I sympathize with those who want to define conservatism as the rejection of ideology, but, given that the forward march of history can never be stopped, conservatism will only ever be helpful insofar as it can influence its direction as well as its speed. Those who fail to hitch their conservatism to principle inevitably wind up endorsing something like Michael Oakeshott’s definition of conservatism as that sad feeling you get when your favorite clown dies and sentence themselves to being forever on the losing side of history.

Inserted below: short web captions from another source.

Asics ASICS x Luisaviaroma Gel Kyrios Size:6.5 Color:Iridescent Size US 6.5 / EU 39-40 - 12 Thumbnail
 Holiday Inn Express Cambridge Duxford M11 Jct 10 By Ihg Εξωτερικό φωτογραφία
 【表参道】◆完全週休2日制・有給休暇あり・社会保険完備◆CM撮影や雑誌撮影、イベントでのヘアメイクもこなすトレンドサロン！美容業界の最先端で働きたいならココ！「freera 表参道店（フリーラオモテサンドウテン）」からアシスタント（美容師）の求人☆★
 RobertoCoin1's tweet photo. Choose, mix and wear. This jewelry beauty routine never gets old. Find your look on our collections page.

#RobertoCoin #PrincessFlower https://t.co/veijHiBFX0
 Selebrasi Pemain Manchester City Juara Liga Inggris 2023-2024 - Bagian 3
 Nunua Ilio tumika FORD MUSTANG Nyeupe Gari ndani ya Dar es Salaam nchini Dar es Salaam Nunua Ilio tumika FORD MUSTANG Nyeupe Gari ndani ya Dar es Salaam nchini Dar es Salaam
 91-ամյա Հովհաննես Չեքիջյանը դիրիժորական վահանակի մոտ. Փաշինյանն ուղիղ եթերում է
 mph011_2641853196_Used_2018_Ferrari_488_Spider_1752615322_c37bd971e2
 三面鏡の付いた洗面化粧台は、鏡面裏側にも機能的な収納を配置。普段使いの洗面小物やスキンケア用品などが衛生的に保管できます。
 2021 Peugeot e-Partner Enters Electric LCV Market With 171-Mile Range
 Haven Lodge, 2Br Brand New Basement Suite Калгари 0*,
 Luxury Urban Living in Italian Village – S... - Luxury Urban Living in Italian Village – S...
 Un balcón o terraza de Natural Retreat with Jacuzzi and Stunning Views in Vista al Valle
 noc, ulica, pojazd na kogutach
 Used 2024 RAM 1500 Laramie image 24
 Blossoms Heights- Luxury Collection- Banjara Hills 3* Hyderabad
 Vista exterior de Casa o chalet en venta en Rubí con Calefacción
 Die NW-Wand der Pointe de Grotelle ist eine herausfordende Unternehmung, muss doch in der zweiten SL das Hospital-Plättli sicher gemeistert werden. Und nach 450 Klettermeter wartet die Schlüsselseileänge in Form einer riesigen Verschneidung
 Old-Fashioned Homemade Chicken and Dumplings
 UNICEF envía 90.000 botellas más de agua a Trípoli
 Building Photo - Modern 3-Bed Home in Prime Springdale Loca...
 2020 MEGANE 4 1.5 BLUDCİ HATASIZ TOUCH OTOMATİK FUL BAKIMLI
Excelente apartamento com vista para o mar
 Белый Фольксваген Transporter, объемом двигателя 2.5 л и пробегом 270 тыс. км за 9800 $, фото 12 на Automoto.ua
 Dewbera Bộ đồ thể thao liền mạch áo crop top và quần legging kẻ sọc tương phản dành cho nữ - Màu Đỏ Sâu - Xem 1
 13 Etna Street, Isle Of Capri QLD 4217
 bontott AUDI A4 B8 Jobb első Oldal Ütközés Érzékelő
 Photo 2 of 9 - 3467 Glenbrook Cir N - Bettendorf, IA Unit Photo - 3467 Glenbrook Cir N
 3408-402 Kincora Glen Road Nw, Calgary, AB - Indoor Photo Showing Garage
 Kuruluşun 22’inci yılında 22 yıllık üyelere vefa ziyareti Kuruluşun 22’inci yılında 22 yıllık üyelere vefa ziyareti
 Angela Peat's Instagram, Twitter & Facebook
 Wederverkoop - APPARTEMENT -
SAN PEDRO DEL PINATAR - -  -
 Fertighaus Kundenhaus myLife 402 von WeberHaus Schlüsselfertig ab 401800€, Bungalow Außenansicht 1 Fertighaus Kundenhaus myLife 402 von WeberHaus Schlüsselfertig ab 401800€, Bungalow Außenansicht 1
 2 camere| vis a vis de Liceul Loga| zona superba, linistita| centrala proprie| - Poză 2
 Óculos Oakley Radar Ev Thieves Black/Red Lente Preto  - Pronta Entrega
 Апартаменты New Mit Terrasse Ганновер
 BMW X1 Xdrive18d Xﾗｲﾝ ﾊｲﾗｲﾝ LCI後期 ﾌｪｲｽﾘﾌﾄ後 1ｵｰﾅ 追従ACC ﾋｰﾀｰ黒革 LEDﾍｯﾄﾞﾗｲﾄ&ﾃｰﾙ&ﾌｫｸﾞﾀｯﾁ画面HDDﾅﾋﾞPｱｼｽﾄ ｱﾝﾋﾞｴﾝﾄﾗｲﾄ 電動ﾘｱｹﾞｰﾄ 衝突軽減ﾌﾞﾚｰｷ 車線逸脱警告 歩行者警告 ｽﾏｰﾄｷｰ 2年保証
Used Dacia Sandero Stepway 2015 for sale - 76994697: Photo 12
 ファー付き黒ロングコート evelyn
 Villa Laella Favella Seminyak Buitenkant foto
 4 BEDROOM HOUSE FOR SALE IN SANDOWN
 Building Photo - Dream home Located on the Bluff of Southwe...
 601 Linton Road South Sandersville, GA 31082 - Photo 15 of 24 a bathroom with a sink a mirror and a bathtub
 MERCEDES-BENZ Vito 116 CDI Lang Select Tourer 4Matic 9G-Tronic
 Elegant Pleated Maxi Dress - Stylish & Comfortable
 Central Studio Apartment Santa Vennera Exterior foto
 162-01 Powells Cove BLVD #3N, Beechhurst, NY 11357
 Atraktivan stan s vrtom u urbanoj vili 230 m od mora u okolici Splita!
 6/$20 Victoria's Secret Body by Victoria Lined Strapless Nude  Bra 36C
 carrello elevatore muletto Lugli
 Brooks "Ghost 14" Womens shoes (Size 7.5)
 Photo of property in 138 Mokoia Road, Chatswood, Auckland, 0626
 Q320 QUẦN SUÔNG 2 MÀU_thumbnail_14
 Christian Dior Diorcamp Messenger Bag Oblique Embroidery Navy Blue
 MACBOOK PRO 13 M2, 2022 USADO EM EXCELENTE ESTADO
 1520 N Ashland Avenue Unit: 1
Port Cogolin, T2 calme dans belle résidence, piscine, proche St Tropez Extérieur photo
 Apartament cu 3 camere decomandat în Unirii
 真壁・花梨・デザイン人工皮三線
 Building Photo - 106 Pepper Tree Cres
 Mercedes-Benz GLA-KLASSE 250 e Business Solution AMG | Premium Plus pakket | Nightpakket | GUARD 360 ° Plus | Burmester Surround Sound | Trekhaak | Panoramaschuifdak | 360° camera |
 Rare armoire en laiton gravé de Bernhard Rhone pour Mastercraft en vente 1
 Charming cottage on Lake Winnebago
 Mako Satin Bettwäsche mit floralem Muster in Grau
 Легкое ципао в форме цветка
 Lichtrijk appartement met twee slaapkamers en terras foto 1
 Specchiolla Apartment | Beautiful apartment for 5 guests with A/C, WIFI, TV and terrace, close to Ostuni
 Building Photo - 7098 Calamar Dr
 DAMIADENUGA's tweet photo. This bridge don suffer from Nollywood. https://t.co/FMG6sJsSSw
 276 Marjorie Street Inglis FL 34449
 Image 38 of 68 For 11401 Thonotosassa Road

But maybe the losing side of history is where Douthat wants his conservatism to be. He has earned plaudits from the Left for owning up to American conservatism’s darker moments ("support for segregation...simply was the conservative position in the 1950’s"), but the way that Douthat disowns these past errors is only slightly better than having just ignored them:
. . . liberals were right that the injustice of [segregation] required a deeply un-conservative response, as they have been right (and will be right again) on other points as well. Having conceded this, I would go on to argue that self-identifying as a conservative, under my definition, doesn’t require taking the conservative position on every issue; it merely requires taking the conservative orientation as one’s general approach to politics, and believing that we’ve reached a pass where America’s distinctive “habits, mores and institutions” are more in need of defense then renovation.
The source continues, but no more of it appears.